Anna Akhmatova, Poems and Fragments, 1909–1964
“The life of Anna Akmatova spans one of the most brilliant and at the same time most horrifying periods of Russian history,” writes Roberta Reeder, author of the definitive Akmatova biography and translator of these newly discovered poems by the great Russian poet. Appearing for the first time in English are over fifteen works by Akmatova, including poems written under duress during the Stalinist regime but which show, as in the music of Prokofiev and Shostakovich, a subtle, stunning parodistic irony. With an insightful afterword by the translator.

Mikhail Bulgakov, Three Stories
The Master and Margherita is an acknowledged 20th-century classic. For this special issue of Conjunctions Anneta Greenlee has translated from the Russian three previously unpublished short stories by Bulgakov; “Madamoiselle Janna,” “Jumping the Line,” and “The Conductor and the Member of the Imperial Family.”

Federigo Tozzi, Three Stories
Three stories never before translated into English, by one of the great Italian modernists whose work is essentially unknown in this country. Translated from Italian and with an afterword by Minna Proctor, winner of this year’s PEN Poggioli Prize for translators.

E. M. Cioran, From Cahiers
Selected by Romanian writer Norman Manea, Cioran’s complex philosophy, his nihilism, his enduring love of Bach and Emily Dickinson, and his disdain for Romania is revealed in these fascinating entries from Cioran’s notebooks, translated from French by Richard Howard and with a lengthy afterword by Manea, discussing meeting Cioran and Cioran’s complex views about being a writer in exile.
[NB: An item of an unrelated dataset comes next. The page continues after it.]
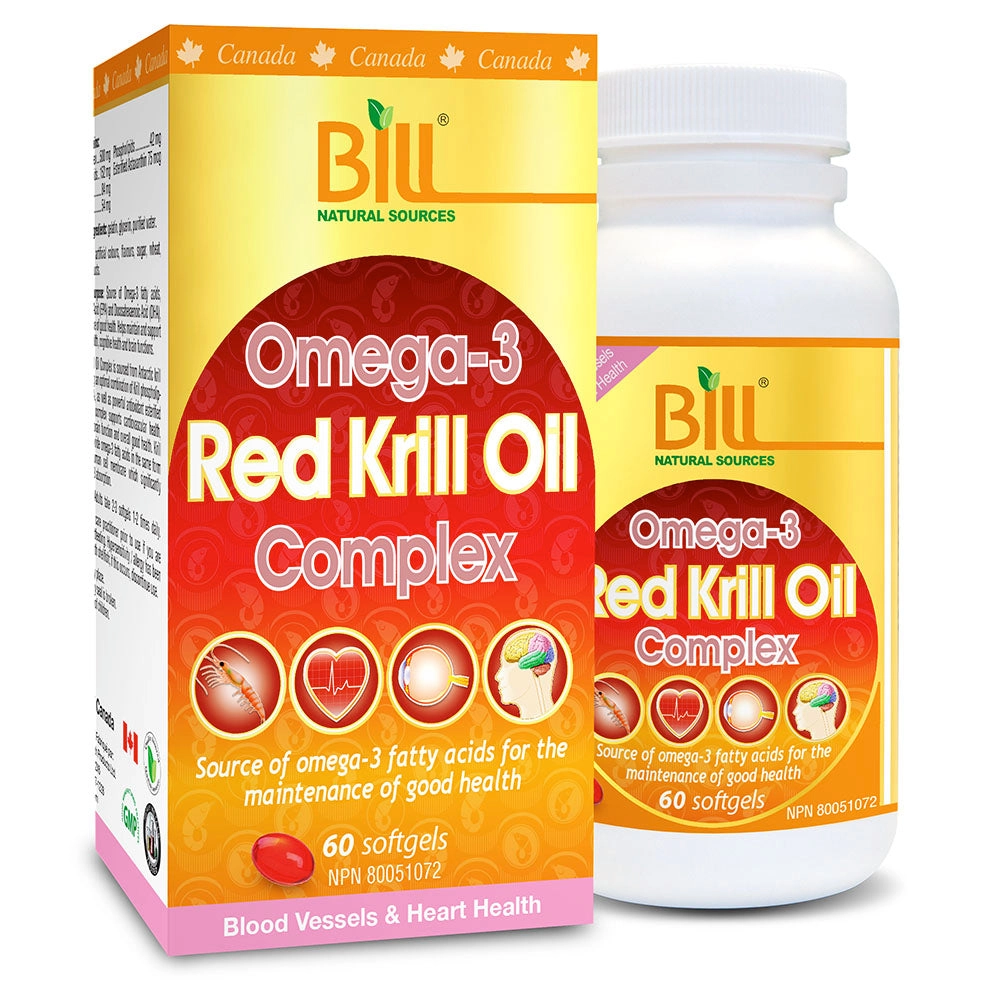 BILL Natural Sources® Omega-3 Red Krill Oil Complex 60 Softgels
Zinaida Gippius, Three Poems
Grippius, Russia’s foremost female symbolist writer, was born in 1869 in Tula and died an exile in Paris in 1945. These poems, published in English for the first time, were unavailable even in Russia until the recent fall of the Communist regime. Translated and with a note by Anneta Greenlee.

Marcel Proust, The Indifferent One
Translated by Burton Pike, Proust intended this story for Les plaisirs et les jours, but substituted another for it. It was written in 1893–94, when Proust was 22, and printed in an obscure and ephemeral periodical in 1896. As he was beginning to write A le recherche du temps perdu in 1920, Proust tried to find a copy of this story; it is not known whether he succeeded. The many links between the story and the novel are striking. The story was recovered and published in French in 1978. A markedly different translation of The Indifferent One, by Alfred Corn, has appeared in Grand Street 10:4.

C. P. Cavafy, Seven Unfinished Poems
Seven poems by the Alexandrian poet admired by E. M. Forster and influential for W. H. Auden and Lawrence Durrell (among others), translated from Greek by John Davis.

George Seferis, Cavafy’s Ithaka
This 1952 essay was written nine years before Seferis won the Nobel Prize and is published here for the first time in English. “Cavafy’s Ithaka” explores Seferis’s idea that both his work and Cavafy’s—arguably modern Greece’s greatest poets—are “marvelous journeys of self-discovery” reminiscent of Odysseus’s own decade-long search for home. Translated with a note by Susan Mathias.

Antonia Pozzi, Twelve Poems
Making her first appearance in print in English here translated from unadulterated texts that had been “edited” by her overscrupulous father, Pozzi—who committed suicide at the age of 26—is one of the most remarkable lyrical poets of Italian modernism, with imagery and textures that remind one of H. D. and Lorine Niedecker. Written between 1929 and 1938, she thought of her poems as “my secret diary”; their existence was known only to her closest childhood friends. After her death, bastardized versions of the poems were published, but here for the first time in English translations by Laurence Venuti, her work will appear in its restored form. Venuti has provided an insightful critical and biographical afterword.

Louis Couperus, Of Monotony
A sometimes surreal, sometimes satirical, sometimes self-denigrating meditation on monotony and its cousins, boredom and ennui, by the Dutch Oscar Wilde, dating from the turn of the century. Translated with a note about Couperus by Duncan Dobbelman.